Afterall, the whole point of music festivals seems to be less about catching that one act you want to see and more about losing oneself amongst the endless stages hosting a variety of acts. It’s the buffet of the music world and if you’re adverse to trying new things then you probably shouldn’t be at one. So while Jepsen’s pop antics might not have been for everyone, the singer stormed passionately along wave after wave of synth-pumped, radio-ready anthems. Her massive crowd singing along to every one of her tunes held its own special thrill to it as well, even to the random passerby. The indie acts were also present in force as well, with cult favorites like The Growlers and Father John Misty (whose following has all the passion of a cult) taking their respective stages with all the fanfare owed to them. The Growlers especially, coming off the success of their own festival in Los Angeles, did what they do best and enchanted the crowd at the Sutro stage with all the allure their dreamy rock pieces can offer. There was indeed a bit more of a mysticism added as always by the environs of the stage, but as anyone who has seen The Growlers before know a lot is owed to their own presence as well.
Sprinting from The Growlers to the Twin Peaks stage would’ve found you face to face with Father John Misty addressing his congregation of followers. Unlike other acts who exude their power over their crowd via their spoken words or dance moves, the bulk of Misty’s hold over fans came in those moments between breaths. Each of his sultry ballads burned with a mix of debauchery, existential angst, and wit, all of which found its way into the crowd in a possession-like manner.

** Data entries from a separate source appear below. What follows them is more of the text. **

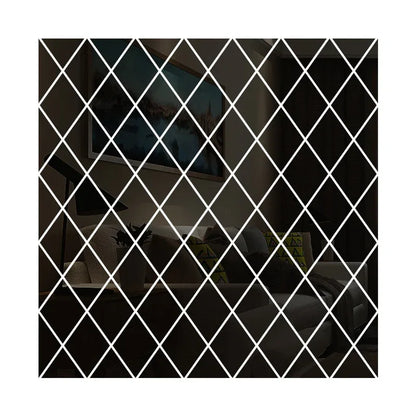 3D Mirror Wall Sticker DIY Diamonds & Triangles – Modern Acrylic Wall Décor - Shello's Creative Boutique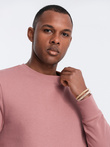 Men's BASIC cotton non-stretch sweatshirt - dark pink V4 OM-SSBN-0159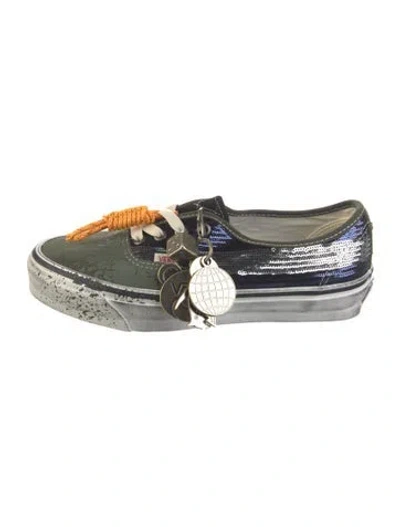 Pre-owned Vans Sequins Graphic Print Sneakers In Silver
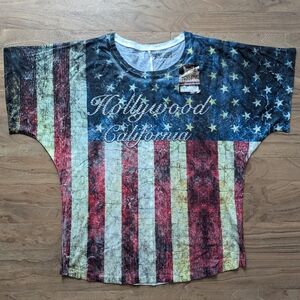 American Flag Bedazzled Lettering Top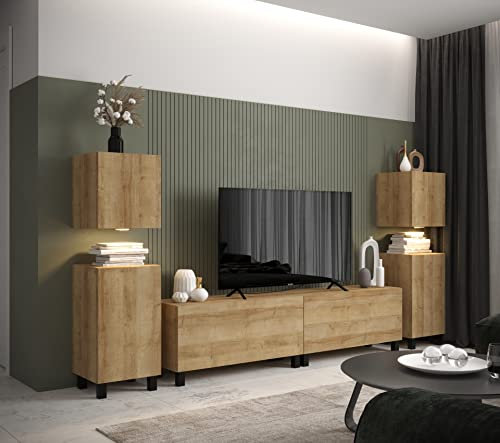 Furnitech Wohnwand Wohnzimmer | Wohnzimmer Möbel mit LED Weiß | Hängend Wohnwand Modern | Wohnzimmer Schrankwand mit Regale und TV Schrank (AN106-21DZ-M4-1A)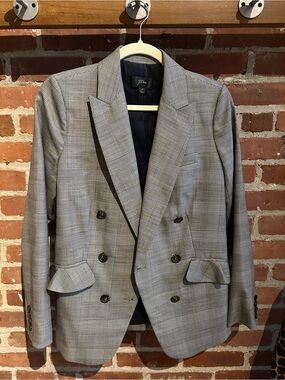 JCREW Double-Breasted Glen Plaid Blazer - Gray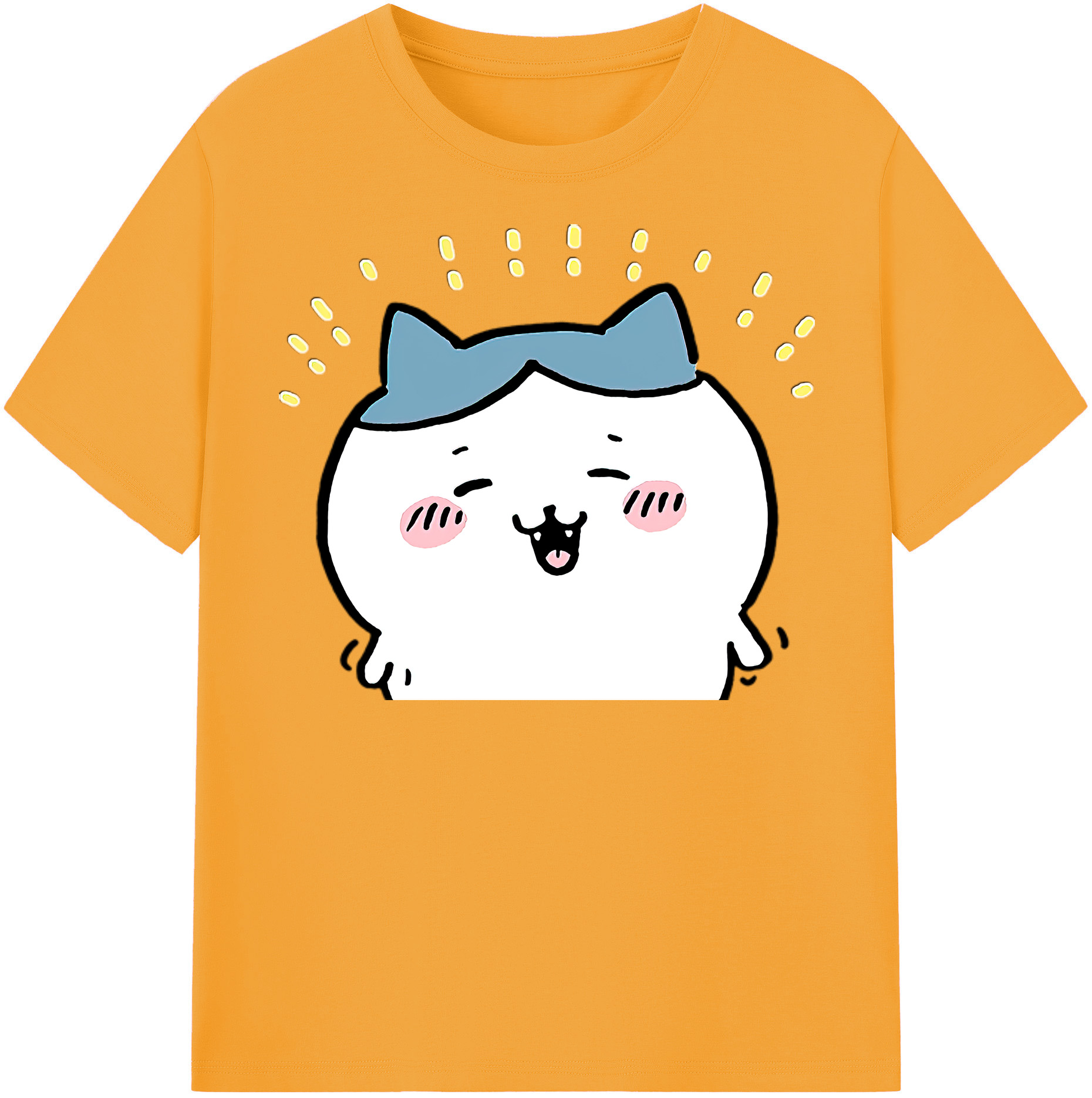 （画像用） ちいかわ ハチワレ Chii-kawa hachiware レディースカジュアルプリントTシャツ（綿100％）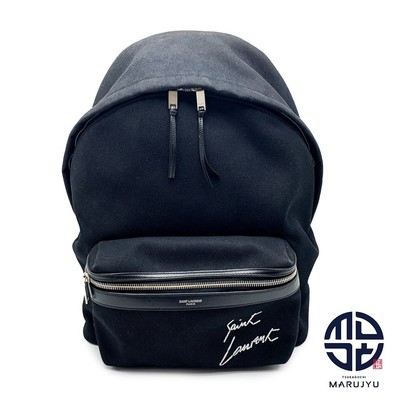 SAINT LAUREN CITY BLACK LOGO EMBROIDERY RACKSACK BACKPACK 534968 BAG Used MARJ-0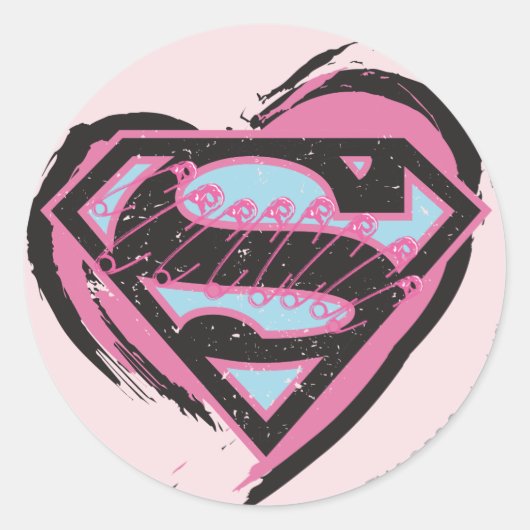 Supergirl roze Logo in hart Ronde Sticker (Voorkant)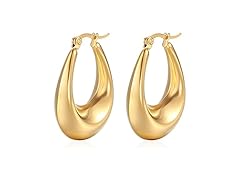 18K Gold Plated Twisted Hoop Earrings
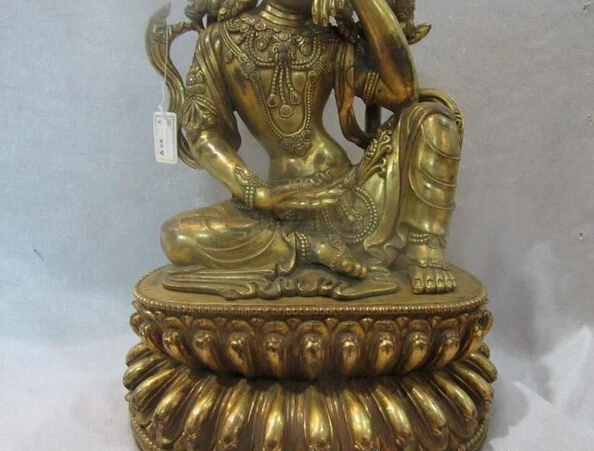 Tibet Buddhism 100% Bronze 24K Gold freedom Kwan-Yin Guan Yin Buddha Statue Copper garden | Дом и сад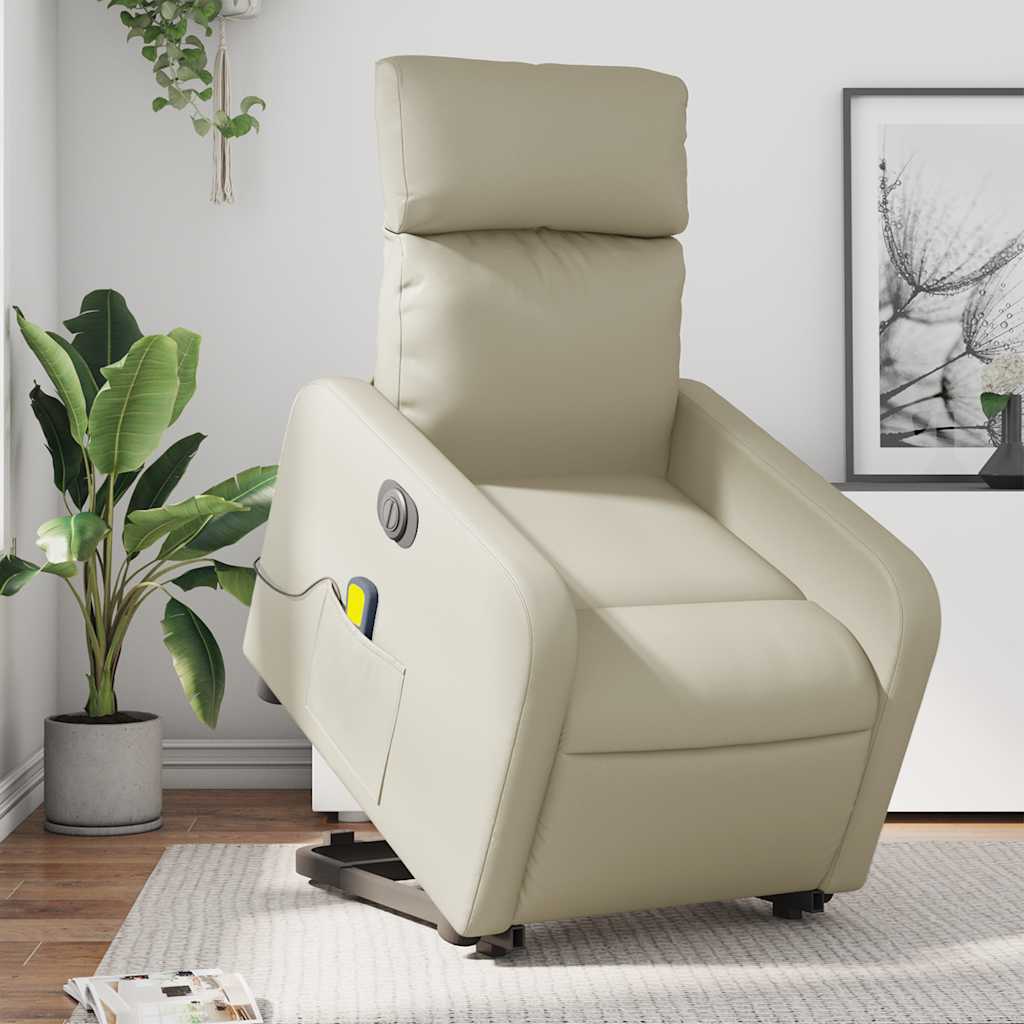Fauteuil inclinable de massage électrique crème similicuir - XIOS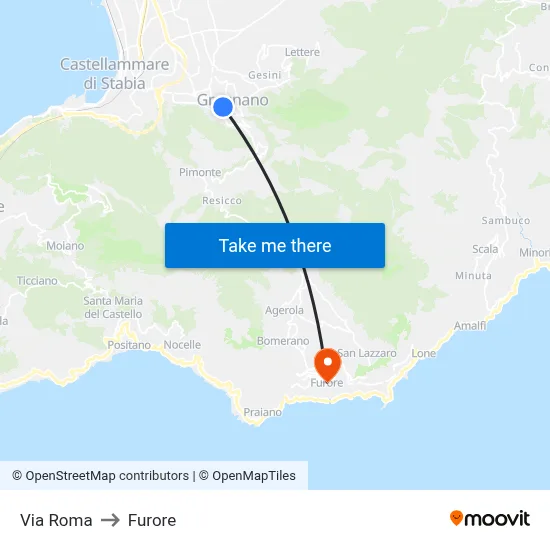 Via Roma to Furore map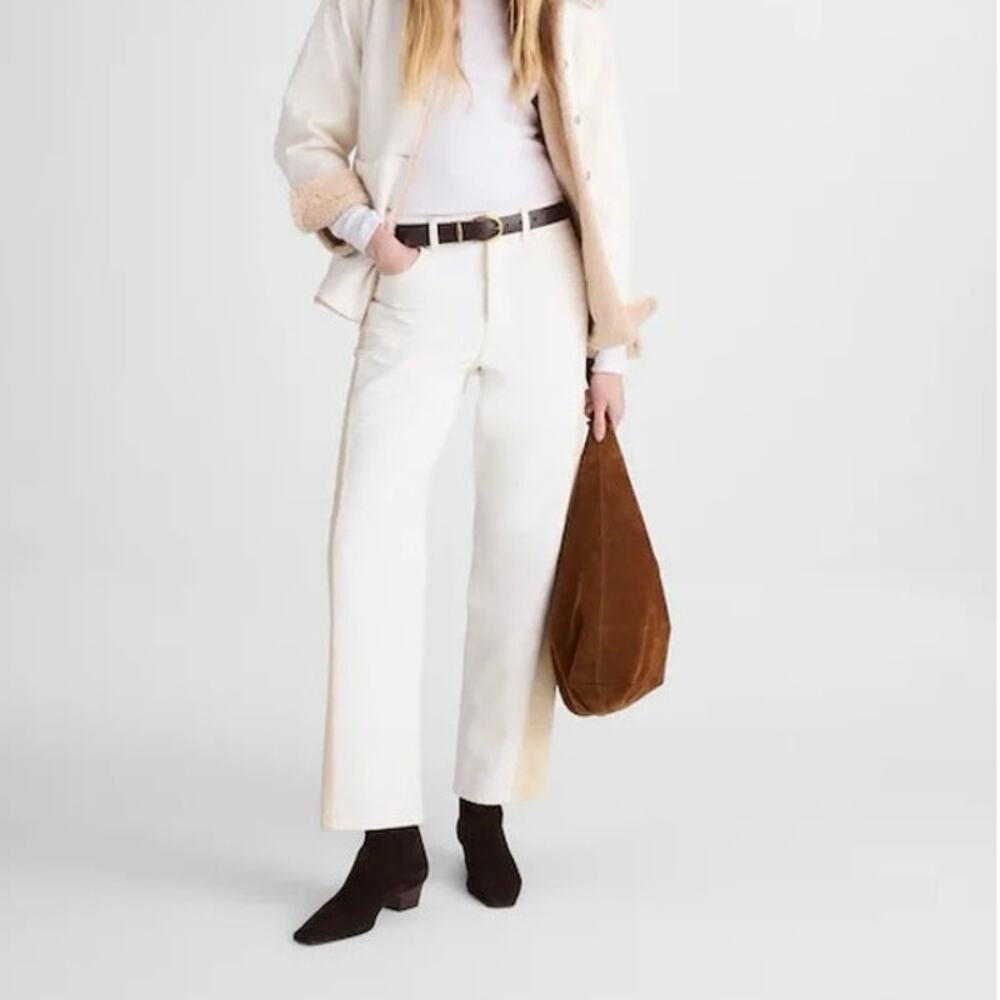 NWT Madewell Pieced Barrel-Leg Contrasting Corduroy Jeans Vintage Canvas Size 33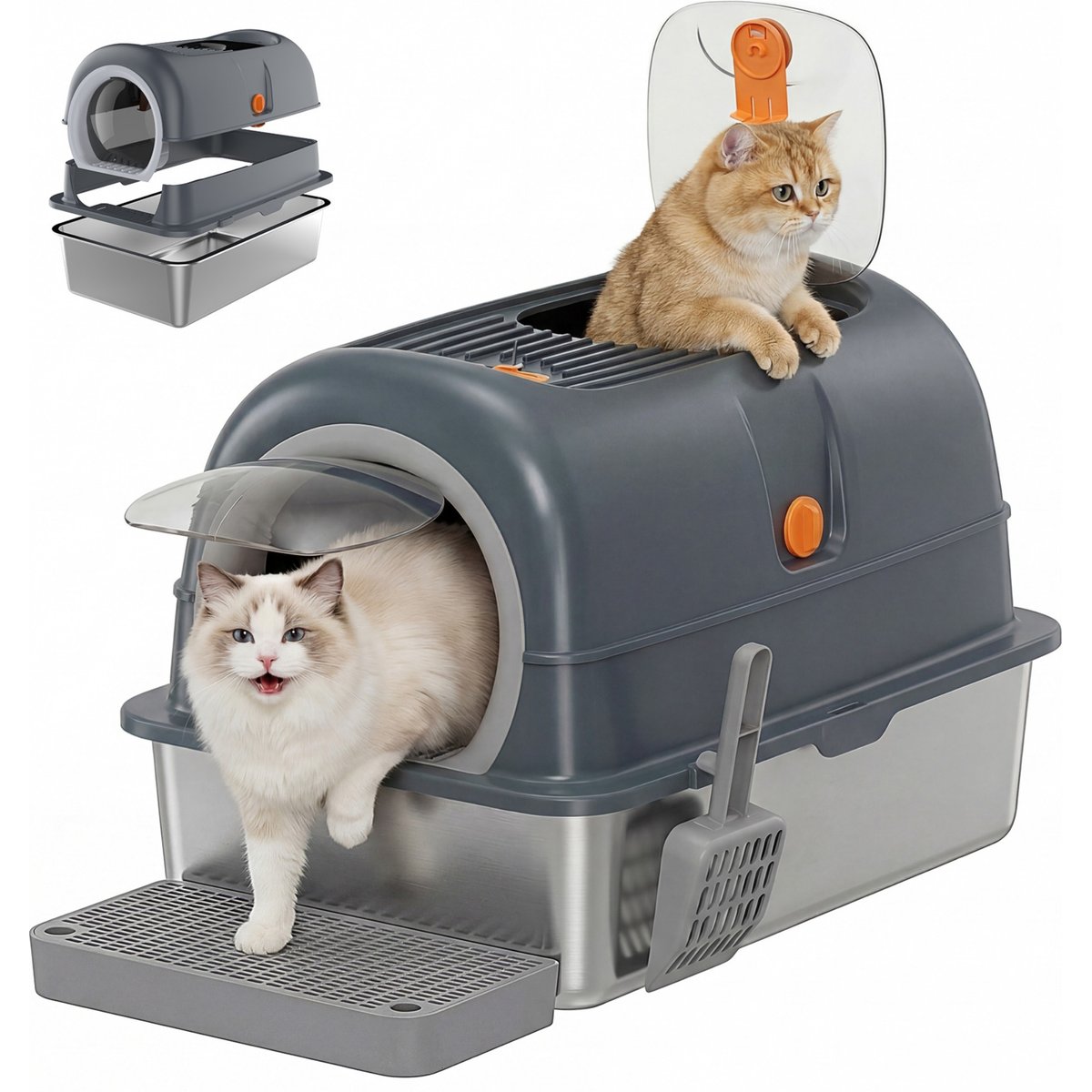 Bencmate Double-Entry Convertible Lid Cat Litter Box, Grey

There really is something delightfully wicked about Misty’s unabashed approach to cultural critique; whatever your opinion of Mr. Josh Tillman’s persona—it’s exceptionally clear the man has crafted something otherworldly in the midst of it.
After drying your tears for western civilization and quelling your own demons, it seemed entirely fitting to dive into the complete other end of the spectrum with Mac Demarco. A veritable national treasure to all who know of him, Demarco is an act that is perpetuatally entertaining to watch if only because he never fails to do something batshit crazy onstage. Whether it’s burning body hair off with a lighter or stripping naked and climbing speakers, Demarco has taken the antics of garage and punk-rock shows and brought them full-fledged to every stage he graces. In terms of feel-good delirium Demarco was the perfect to a near perfect first day, rolling it up and smoking it in true fashion to the bubbly riffs of his songs.